The English word is from chīlli with the same meaning. The name of the plant is unrelated to that of the country Chile. While pepper originally meant the genus Piper, not Capsicum, the Oxford English Dictionary and Merriam-Webster record both usages. The three primary spellings are chili (common in North America), chile (Central America and parts of the US) and chilli (United Kingdom and former British colonies). The specific dish name "chili con carne" is normally written with one "l" in both American and British English.

=== Distribution to Europe ===

In 1493, Diego Álvarez Chanca accompanied Christopher Columbus on his second voyage to the West Indies. Upon returning to Spain with chili peppers, Chanca became the first European to document their medicinal uses in the Old World, publishing his observations in 1494. Columbus and his crew called the Capsicum fruits "peppers" (pimientos in Spanish) because they were pungent like black pepper (Piper nigrum). The introduction of chilies to Europe formed part of the wider interchange of plants, animals, and cultures between the New World and the Old World known as the Columbian exchange. Unlike Piper vines, which grow naturally only in the tropics, chilies could be grown in temperate climates. By the mid-1500s, they had become a common garden plant in Spain and were incorporated into numerous dishes. By 1526, they had appeared in Italy, in 1543 in Germany, and by 1569 in the Balkans, where they came to be processed into paprika.

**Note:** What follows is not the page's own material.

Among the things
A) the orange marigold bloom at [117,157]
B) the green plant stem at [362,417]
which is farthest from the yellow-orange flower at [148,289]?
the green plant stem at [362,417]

=== Distribution to the rest of the world ===

The rapid introduction of chilies to Africa and Asia was likely through Portuguese and Spanish traders in the 16th century, though the details are unrecorded. The Portuguese introduced them first to Africa and Arabia, and then to their colonies and trading posts in Asia, including Goa, Sri Lanka, and Malacca. From there, chilies spread to neighboring regions in South Asia and western Southeast Asia via local trade and natural dispersal. Around the same time, the Spanish also introduced chilies to the Philippines, where they spread to Melanesia, Micronesia, and other Pacific Islands via their monopoly of the Manila galleons. Their spread to East Asia in the late 16th century is less clear, but was likely also through local trade or through Portuguese and Spanish trading ports in Canton, China, and Nagasaki, Japan. The earliest known mention of the chili pepper in Chinese writing dates to 1591, though the pepper is thought to have entered the country in the 1570s.

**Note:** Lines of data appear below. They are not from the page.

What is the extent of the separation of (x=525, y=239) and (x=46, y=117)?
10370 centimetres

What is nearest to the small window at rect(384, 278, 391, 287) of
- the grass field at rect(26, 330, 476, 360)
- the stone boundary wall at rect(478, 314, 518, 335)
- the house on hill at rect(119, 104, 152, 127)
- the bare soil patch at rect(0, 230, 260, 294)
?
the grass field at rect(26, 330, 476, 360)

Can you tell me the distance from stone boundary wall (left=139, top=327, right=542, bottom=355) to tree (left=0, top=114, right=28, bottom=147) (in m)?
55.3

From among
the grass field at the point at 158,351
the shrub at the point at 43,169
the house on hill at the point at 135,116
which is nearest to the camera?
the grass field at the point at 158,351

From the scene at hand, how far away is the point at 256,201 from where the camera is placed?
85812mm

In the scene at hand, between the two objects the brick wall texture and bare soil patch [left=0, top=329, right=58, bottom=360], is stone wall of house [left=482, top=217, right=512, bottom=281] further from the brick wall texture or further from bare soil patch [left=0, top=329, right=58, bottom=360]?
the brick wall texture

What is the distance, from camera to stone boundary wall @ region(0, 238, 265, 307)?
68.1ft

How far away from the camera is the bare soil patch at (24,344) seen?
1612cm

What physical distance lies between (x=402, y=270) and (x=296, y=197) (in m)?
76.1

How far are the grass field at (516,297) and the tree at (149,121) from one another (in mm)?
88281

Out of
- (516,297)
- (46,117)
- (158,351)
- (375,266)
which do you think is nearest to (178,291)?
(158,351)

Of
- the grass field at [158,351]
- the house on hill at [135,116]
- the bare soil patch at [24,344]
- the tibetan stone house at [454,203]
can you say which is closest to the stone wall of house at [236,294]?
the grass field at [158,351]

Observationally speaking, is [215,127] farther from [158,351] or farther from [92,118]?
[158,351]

== Producing chili peppers ==

=== Cultivation ===

Chili peppers are the shiny, brightly coloured fruits of species of Capsicum. Botanically they are berries. The plants are small, 20 to 60 cm depending on variety, making them suitable for growing in pots, greenhouses, or commercially in polytunnels. The plants are perennial, provided they are protected from cold. The fruits can be green, orange, red, or purple, and vary in shape from round and knobbly to smooth and elongated. If the fruits are picked green and unripe, more flowers develop, yielding more fruit; fruits left on the plant can become hotter in taste, and acquire their ripe coloration, at the price of a reduced harvest.

Ideal growing conditions for peppers include a sunny position with warm, loamy soil, ideally 21 to 29 °C, that is moist but not waterlogged. The seeds germinate only when warm, close to 21 C. The plants prefer warm conditions, but can tolerate temperatures down to 12 C; and are sensitive to cold. The flowers can self-pollinate. However, at extremely high temperatures, 30 to 38 °C, pollen loses viability, and its flowers are much less likely to result in fruit. For flowering, Capsicum is a non-photoperiod-sensitive crop.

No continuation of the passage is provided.